Aluminum (Al) powder has been widely used in solid composite propellants (SCPs) due to its high energy density and appropriate combustion kinetics. However, the presence of a passivation shell (Al2O3) on the surface of Al would reduce its reactivity and heat release. Herein, a facile ‘one-step’ modification method was proposed for the fabrication of micron-sized Al substitutes in SCP, aiming to induce the involvement of Al cores in the reaction by letting the liquid metal embrittlement (LME) damage the homogeneous Al2O3 shell. Oxidation weight gain experiments in the air atmosphere were conducted to investigate the effect of liquid metal content on the breakthrough of the Al2O3 shell to improve ignition and combustion performance. Moreover, the composites with gallium-based liquid metal (Galinstan) addition of 3 wt% exhibited the largest oxidation weight gain and oxidation weight gain rates, which were approximately 6 and 8-fold higher than that of the raw-Al particles, respectively. Furthermore, the resulting Galinstan-modified aluminum-based powder (GLM-Al) was used as a metal fuel for the formulation of SCP to validate its thermal and combustion properties.
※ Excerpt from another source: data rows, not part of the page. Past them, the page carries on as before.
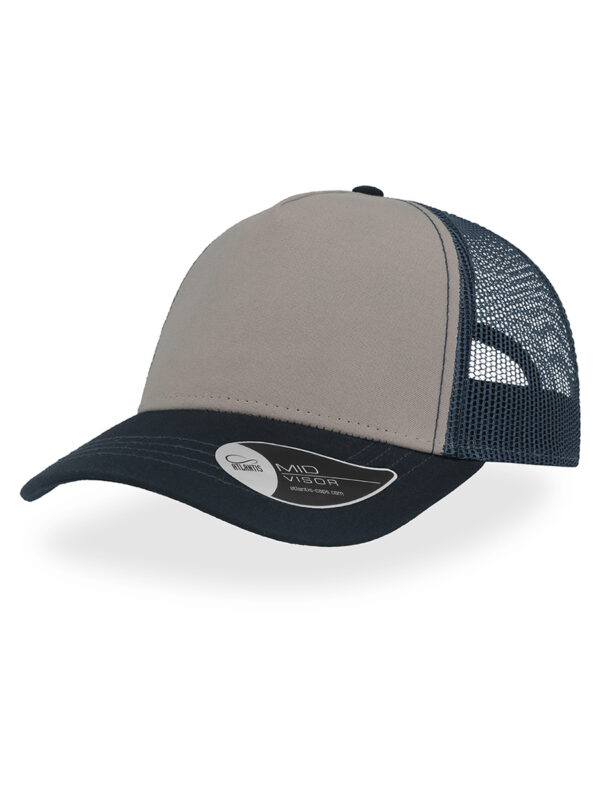 Cappello visiera mid 5 pannelli mesh posteriore RAPPERCANVAS - immagine 5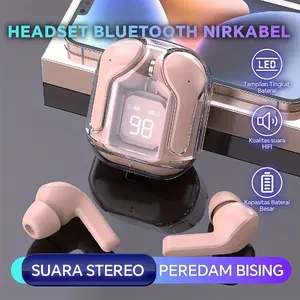 Earphone Headset Bluetooth XT16 Ultrapods 5.3 Headset HiFi HD LED Display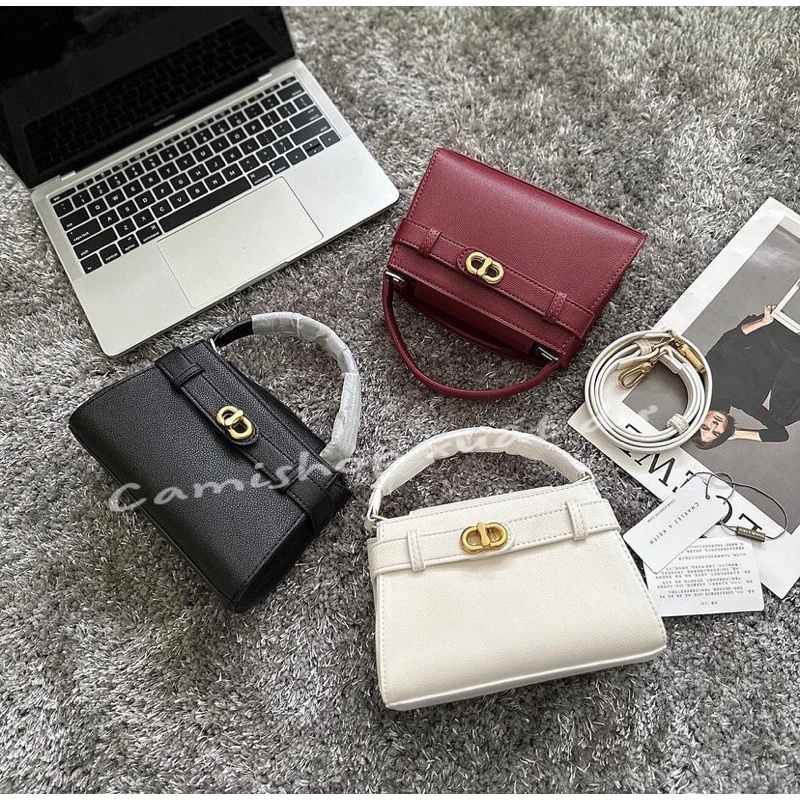 Túi ck khoá cài siêu hot size 19cm ảnh thật hàng tuồn TX0013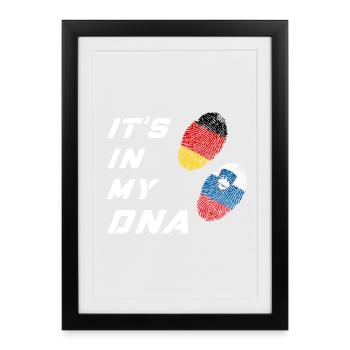 In my DNA Germany and Slovenia - Framed poster (27 × 37 cm) - black - Front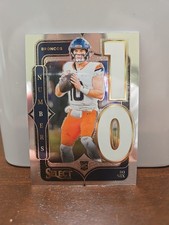 Bo Nix Rookie 2024 Panini Select - Select Numbers Bo Nix #6 (RC) Broncos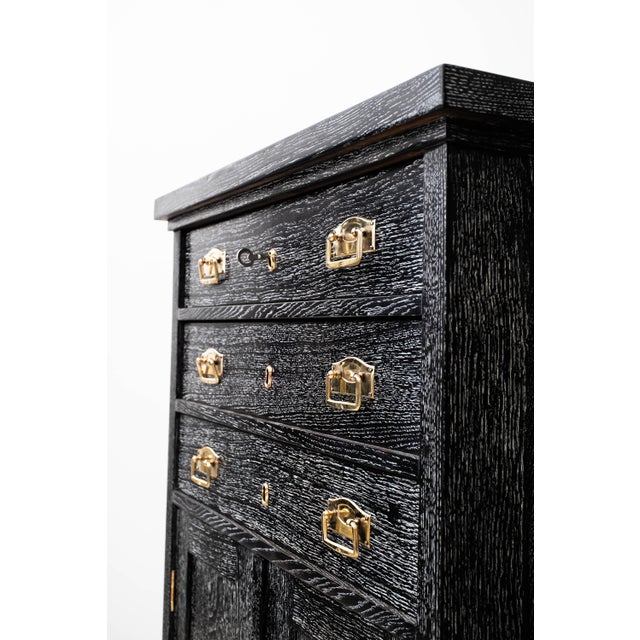 Gold Art Nouveau Chest of Drawers by Unknown Viennese Cabinetmaker, 1903 For Sale - Image 8 of 18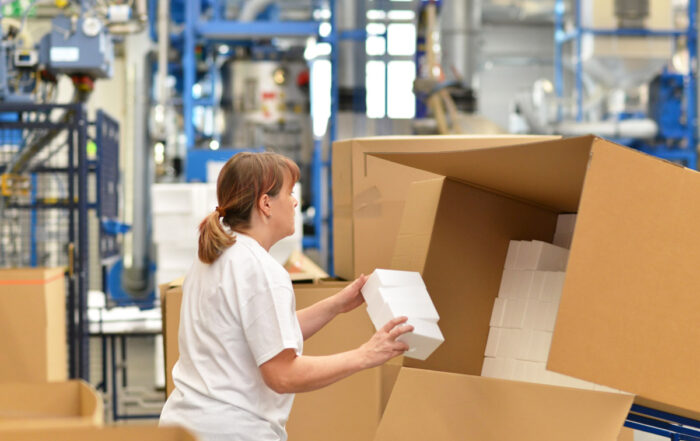 distribution employee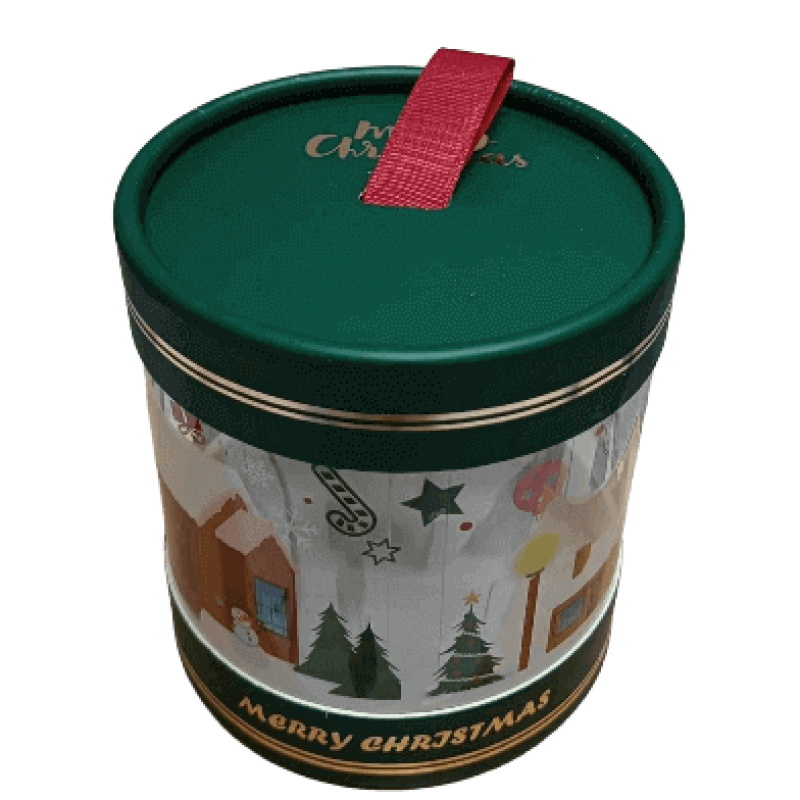 Caixa de Natal Redonda com Visor Caixa de Natal Redonda com Visor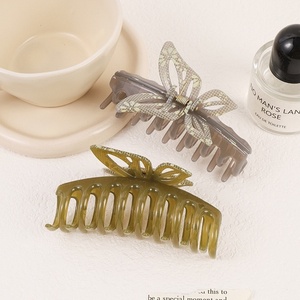 Jepit Rambut Custom Warna Jelly Plastik Baru Jepit Kupu-kupu Aksesoris Rambut Wanita Grosir Campuran - Product Image 3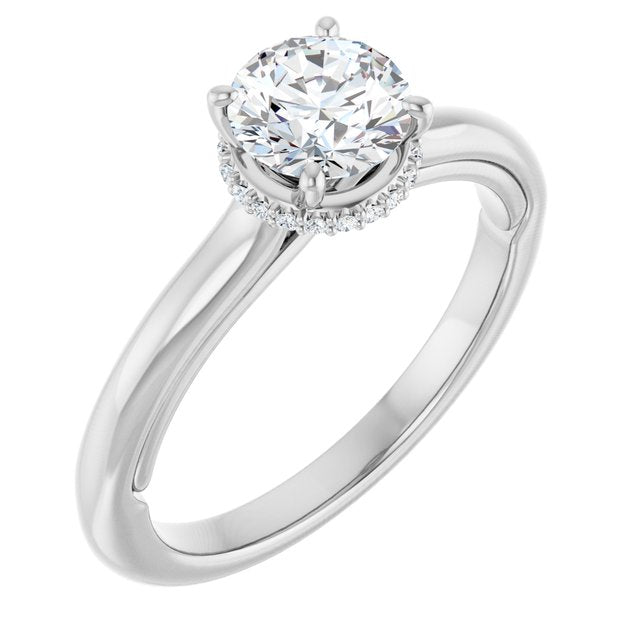 round-10K White gold
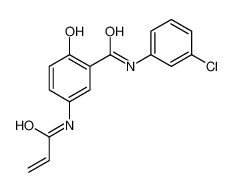 N-(3-chlorophenyl)-2-hydroxy-5-(prop-2-enoylamino)benzamide 874152-62-2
According to the DSC results, the heat release of SCP-2 containing GLM-Al was 3321 J·g−1, which is 1.42 folds of that from the reference SCP-1(2341 J∙g−1). Furthermore, SCP-2 exhibited a 12 % increase in burning rate under 0.1 MPa air atmosphere and a much higher pressurization rate (5.4 MPa·s−1) than that of SCP-1 (2.6 MPa·s−1) under 1 MPa argon atmosphere. The resulting condensed combustion product (CCP) size of SCP-2 is much smaller than that of SCP-1.